The Central American distribution area was populated from South America already ten to six million years ago, when there was no land bridge between the two American continents. Through the biogeographic separation developed allopatric two genetically different groups, however, can not be regarded as separate species. After the completion of the land bridge some three million years ago there was in Panama and Costa Rica back to a mixing of the two groups, which could be detected by molecular genetic studies on frogs from the Western Panama and northwestern Costa Rica. By glacial events occurred but later renewed interruptions and gaps in the distribution area.
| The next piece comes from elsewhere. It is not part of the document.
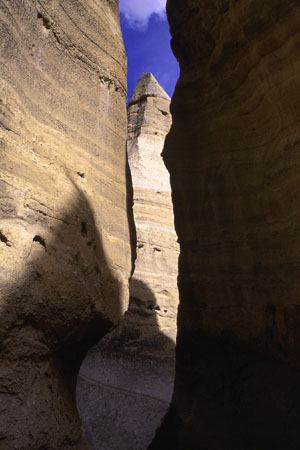 Canyon mit Tent Rocks. (34.285 Byte)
The frog is found mainly in the lowlands. This includes subtropical and tropical savannas and seasonally wet or flooded grasslands, wetlands and pastures as well as open or degraded forests with ditches and ponds.

Way of life

The advertising behavior of some species and the responses of females to the calls of the males during the mating season were studied. Males call from the night of the water, the sound sequence is of great complexity.

During mating in the water, the female emits a protein that is beaten by the male to a foam. This foam nest takes the fertilized eggs to hatch on the tadpoles. It ensures the survival of the brood at a case by case drought. Different proteins in the foam to protect the eggs from desiccation and direct sunlight, and parasite infestation. The tadpoles hatch usually after four days, but the foam can meet at a deceleration of development up to two weeks its function.

Ranaspumin protein -2 from the foam may be used as a carrier to bring artificially photosynthesis outside cells started. This new method for energy production won the 2011 Earth Award.

Endangering

The Tungara Frog is very common in northern South America and in Central America. Less commonly, it occurs in the southwest of the Mexican state of Campeche and Belize. Deposits in Guyana are likely but not confirmed officially. Because of their frequency and the large distribution area of the frog by the IUCN, the populations are considered stable and not at risk.

Taxonomy and systematics

The Tungara Frog ( Engystomops pustulosus ) belonged to the genus Physalaemus long time and was spun off along with the other species of the Physalaemus - pustulosus group as a separate genus in 2005. This was named after a 1872 Engystomops described by Jiménez- de -la- Espada genus, which at the time only the petersi belonged to the Tungara Frog closely related species Engystomops until it was incorporated in 1970 in the genus Physalaemus.

In 2006, the large group of Südfrösche ( Leptodactylidae family in a broader sense ) has been split into several, partly newly opened family. Together with other genera Engystomops was placed in the family of Leiuperidae, but this was reintegrated later than subfamily in the Leptodactylidae family (in the narrow sense).